**Problem to solve**
Begin at the line containing "The Mulligan Brothers mp3" in the records below, end at the line containing "Konferenca komb&euml;tare p&euml;r", and retype each line in that span exactly. No other line and no image should appear.

Stored dataset items:
* * *

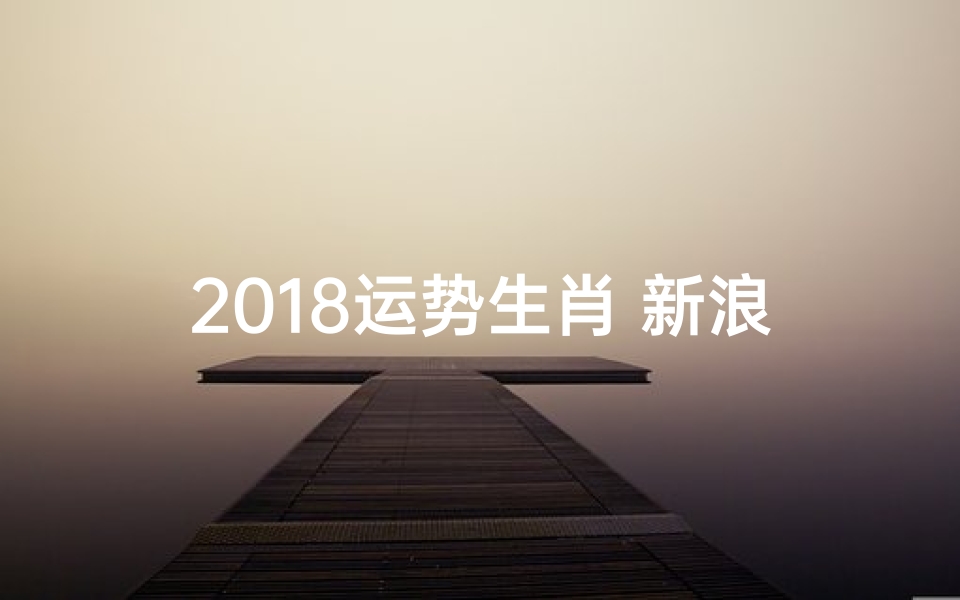 2018运势生肖 新浪、2018运势生肖揭秘:新浪独家生肖运势大解析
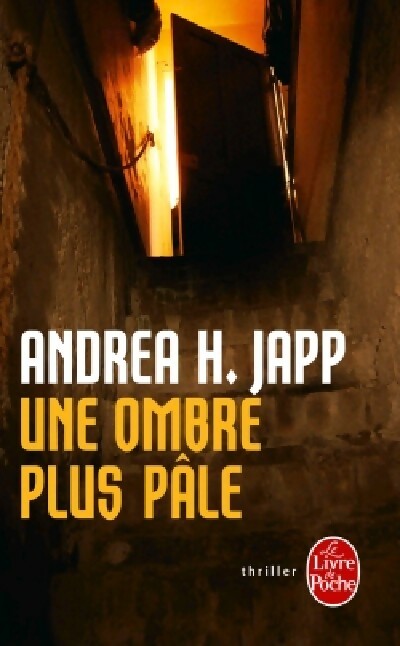 Une ombre plus pâle - Andréa H. Japp -  Le Livre de Poche - Livre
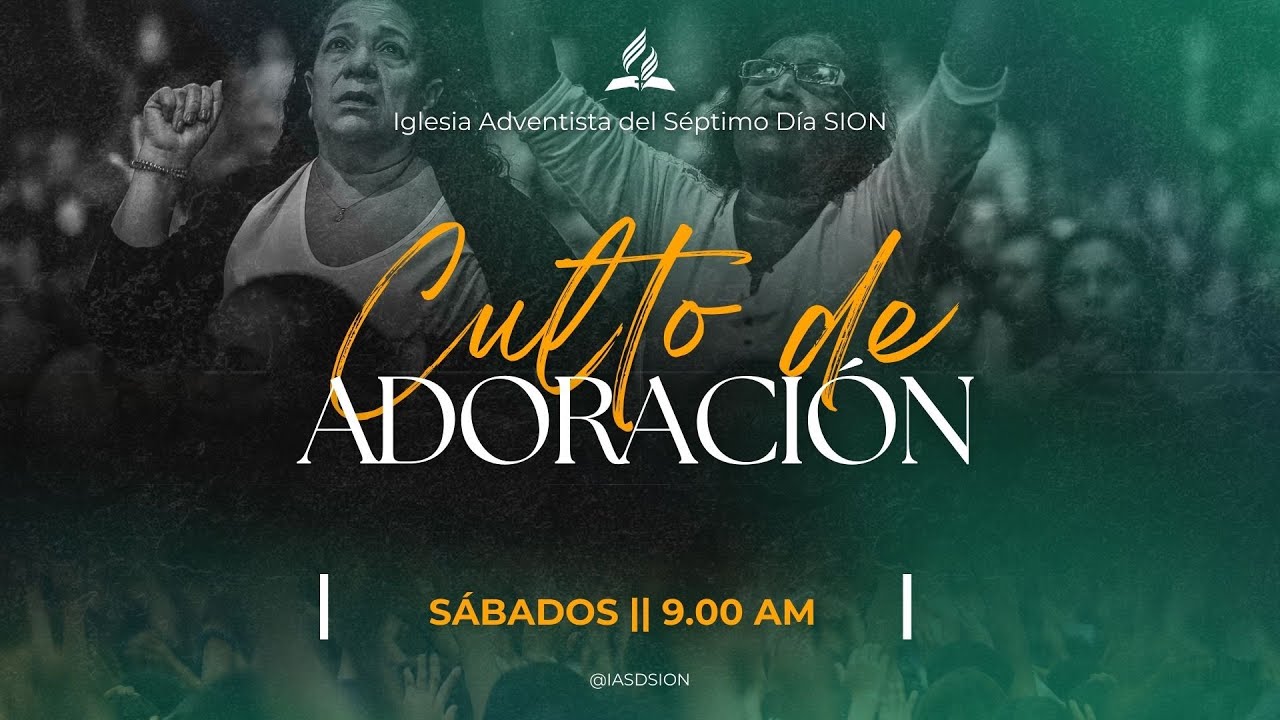 Iglesia Adventista SION (R.D.) - Sábado 13 de Septiembre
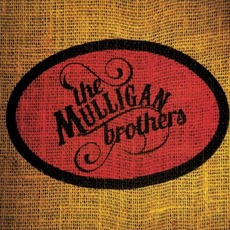 The Mulligan Brothers mp3 Album by The Mulligan Brothers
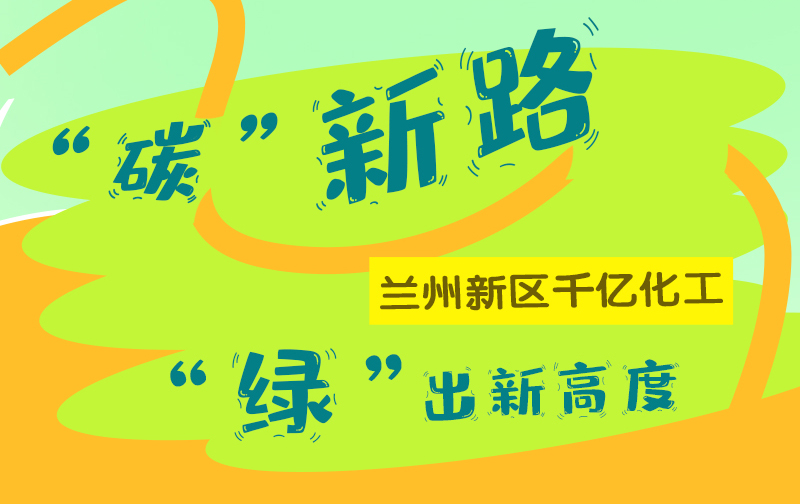 【甘快看】图解|“碳”新路 兰州新区千亿化工“绿”出新高度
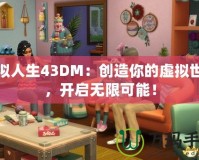 模擬人生43DM：創(chuàng)造你的虛擬世界，開啟無限可能！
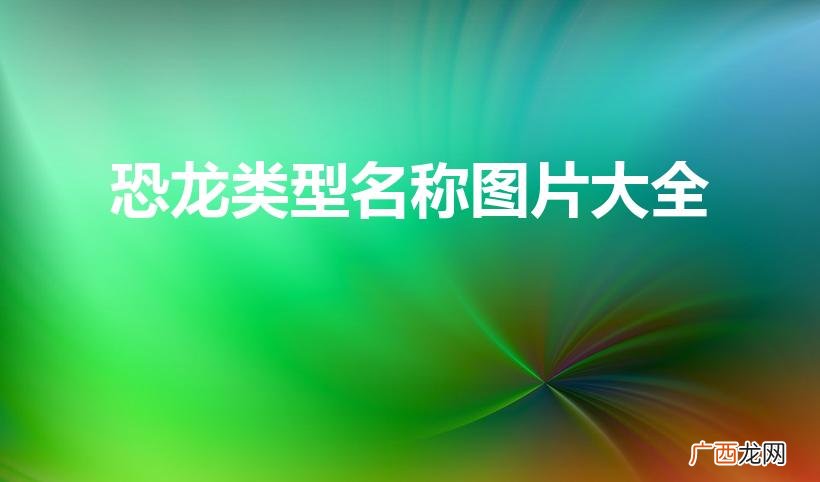 各种恐龙图片及名称 恐龙类型名称图片大全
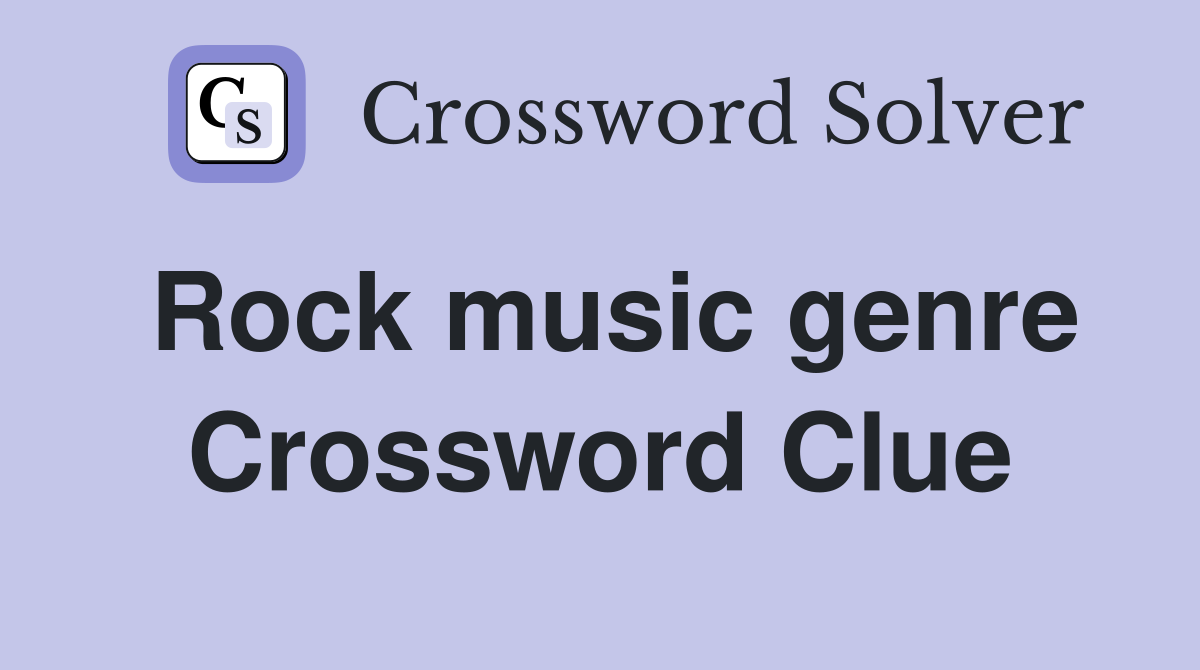 Rock music genre Crossword Clue Answers Crossword Solver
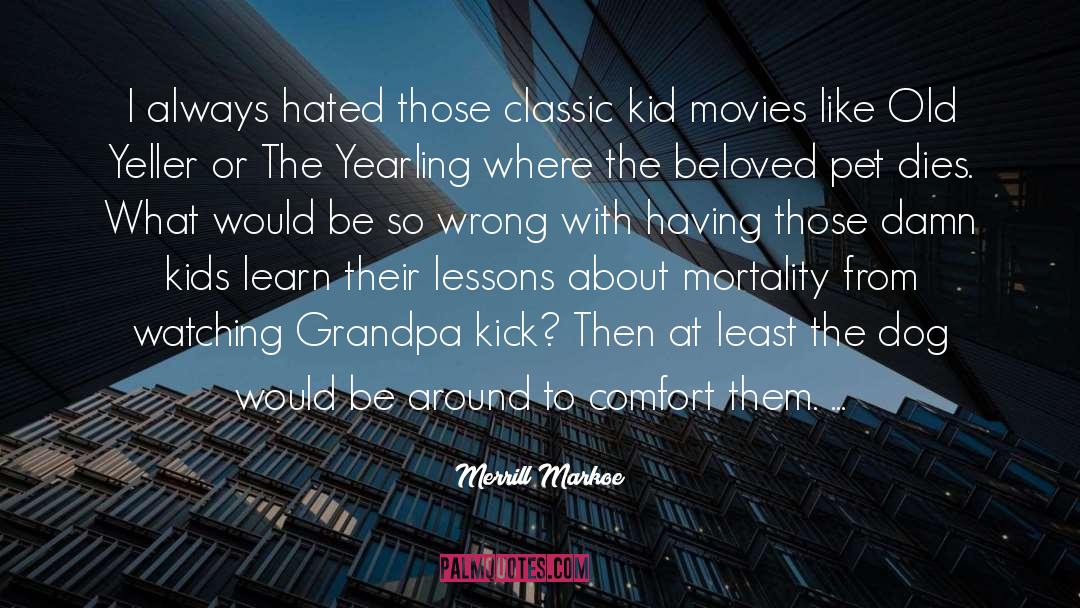 Kids Movie quotes by Merrill Markoe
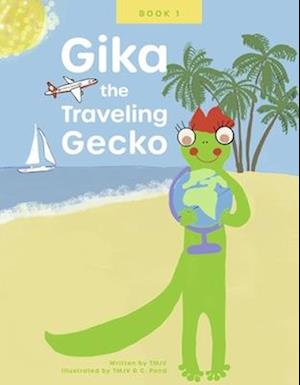 Gika the Traveling Gecko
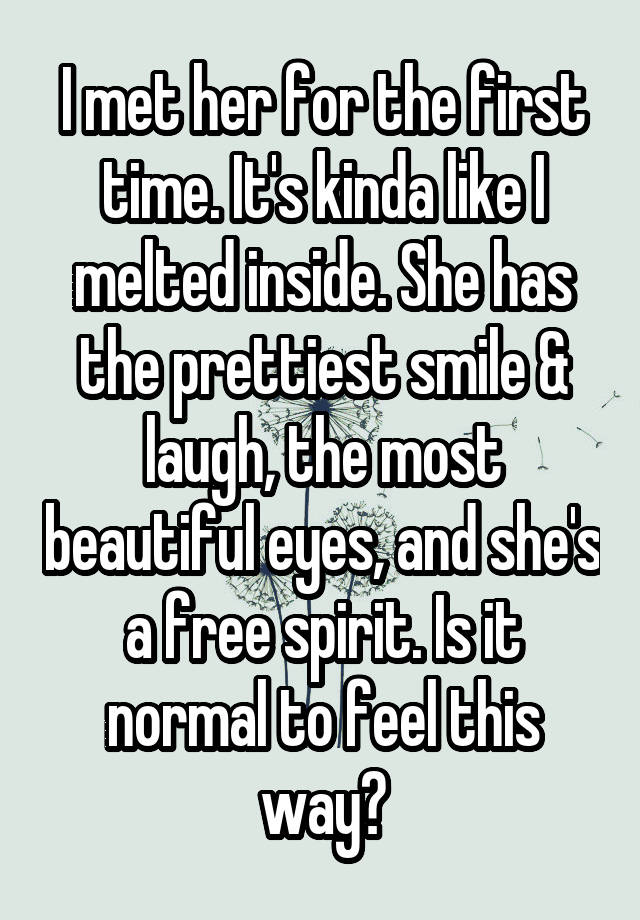 I met her for the first time. It's kinda like I melted inside. She has the prettiest smile & laugh, the most beautiful eyes, and she's a free spirit. Is it normal to feel this way?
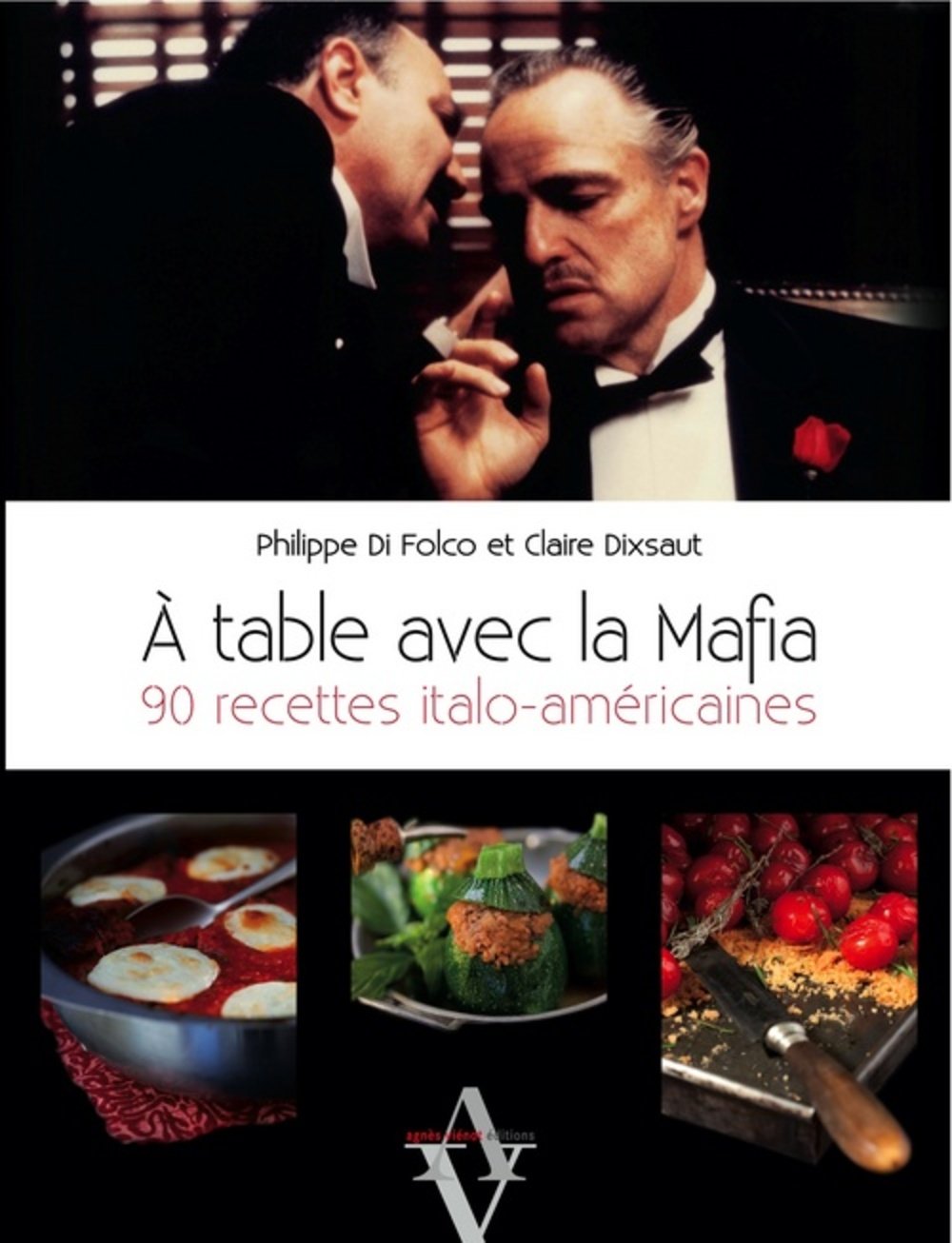 A table avec la Mafia: 90 recettes italo-américaines 9782353260607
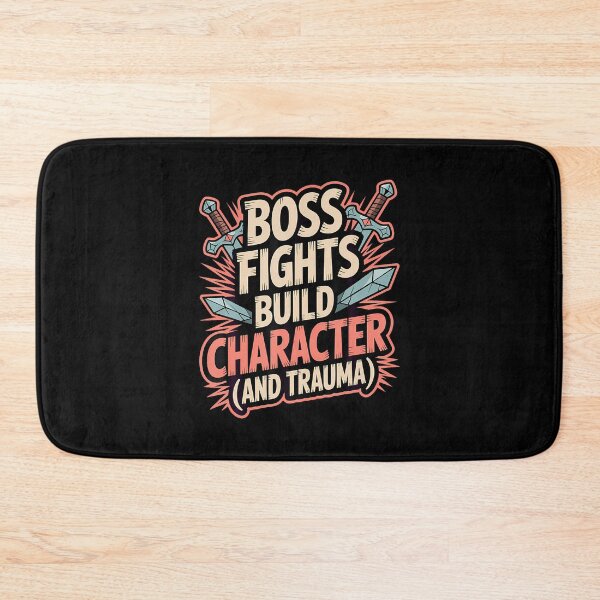 Item preview, Boss Fights Build Character And Trauma - Rpg Quote designed and sold by EstherDiane.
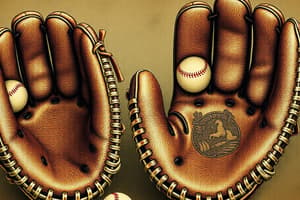 Guantes de Béisbol: Historia y Función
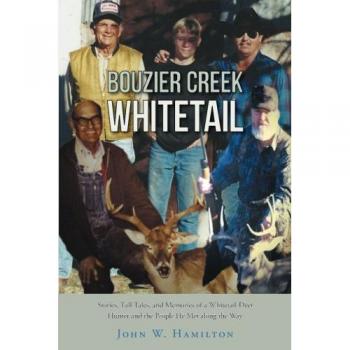 Bouzier Creek Whitetail: Stories, Tall Tales, and Memories of a Whitetail Deer Hunter and the People He Met along the Way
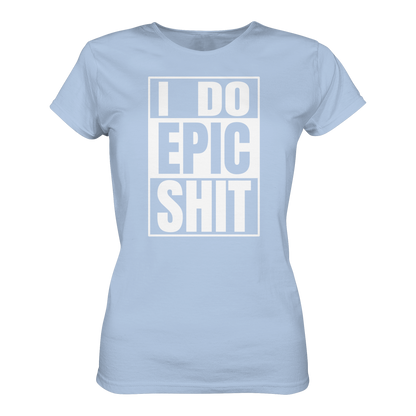 Trashball "Epic Sh*t" - Ladies Organic Shirt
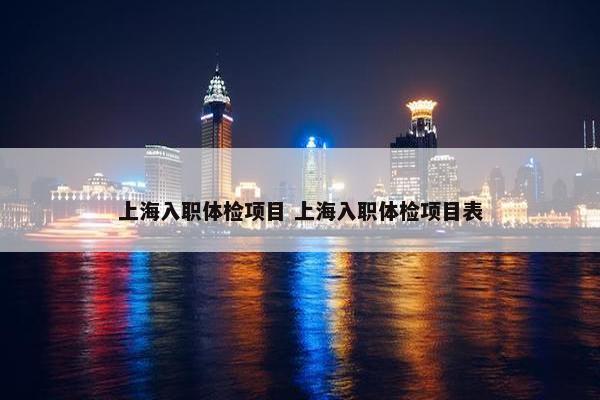 上海入职体检项目 上海入职体检项目表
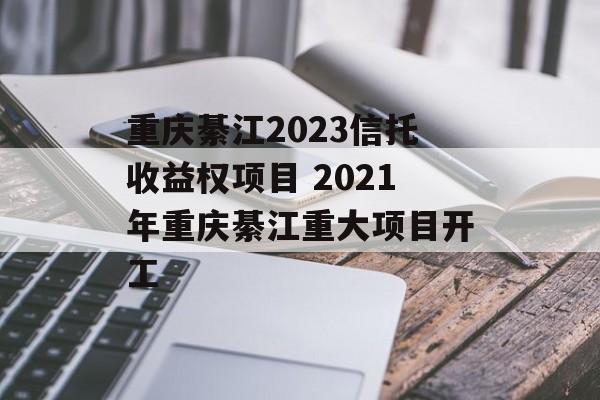 重庆綦江2023信托收益权项目 2021年重庆綦江重大项目开工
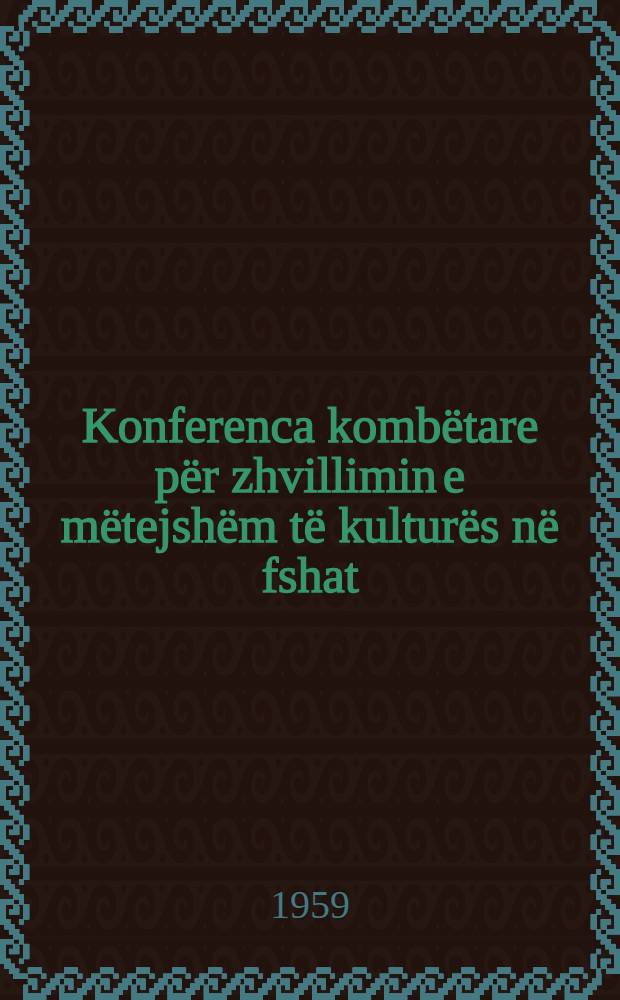 Konferenca komb&euml;tare p&euml;r zhvillimin e m&euml;tejsh&euml;m t&euml; kultur&euml;s n&euml; fshat : (15-16 dhjetor 1959) : Organizuar nga Komiteti Q&euml;ndror i P. P. Sh. dhe K&euml;shilli Ministrave t&euml; R. P. Sh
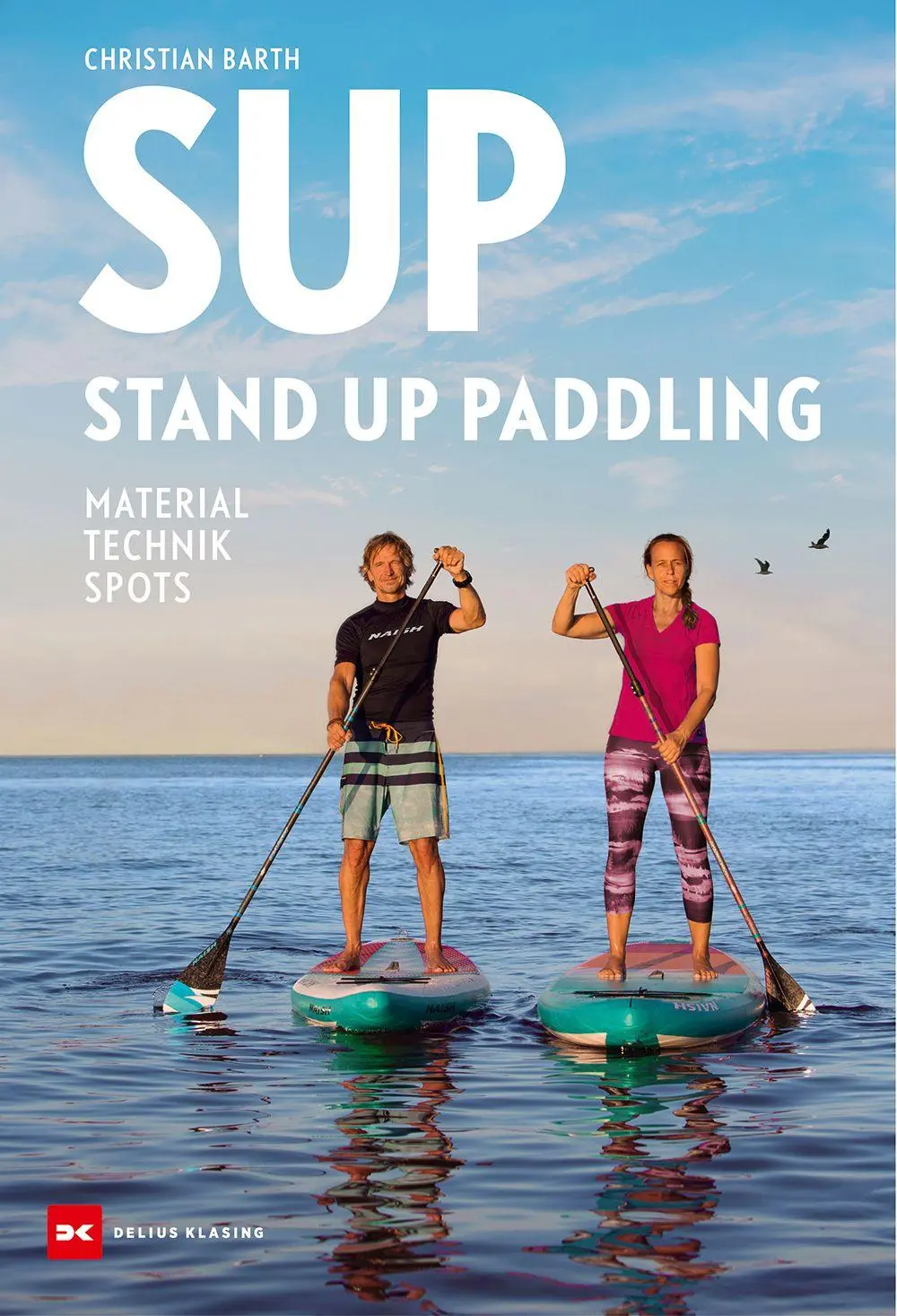 Cover: 9783667130556 | SUP - Stand Up Paddling | Material - Technik - Spots | Christian Barth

* * *

**Result for this task**
 The Mulligan Brothers mp3 Album by The Mulligan Brothers
 【甘快看】图解|“碳”新路 兰州新区千亿化工“绿”出新高度
 模擬人生43DM：創(chuàng)造你的虛擬世界，開啟無限可能！
 各种恐龙图片及名称 恐龙类型名称图片大全
 Rock music genre Crossword Clue Answers Crossword Solver
 Kids Movie quotes by Merrill Markoe
 Gika the Traveling Gecko
 I met her for the first time. It's kinda like I melted inside. She has the prettiest smile & laugh, the most beautiful eyes, and she's a free spirit. Is it normal to feel this way?
 A table avec la Mafia: 90 recettes italo-américaines 9782353260607
 Item preview, Boss Fights Build Character And Trauma - Rpg Quote designed and sold by EstherDiane.
 Guantes de Béisbol: Historia y Función
 Bouzier Creek Whitetail: Stories, Tall Tales, and Memories of a Whitetail Deer Hunter and the People He Met along the Way
 Trashball "Epic Sh*t" - Ladies Organic Shirt
 上海入职体检项目 上海入职体检项目表
 重庆綦江2023信托收益权项目 2021年重庆綦江重大项目开工
 Konferenca komb&euml;tare p&euml;r zhvillimin e m&euml;tejsh&euml;m t&euml; kultur&euml;s n&euml; fshat : (15-16 dhjetor 1959) : Organizuar nga Komiteti Q&euml;ndror i P. P. Sh. dhe K&euml;shilli Ministrave t&euml; R. P. Sh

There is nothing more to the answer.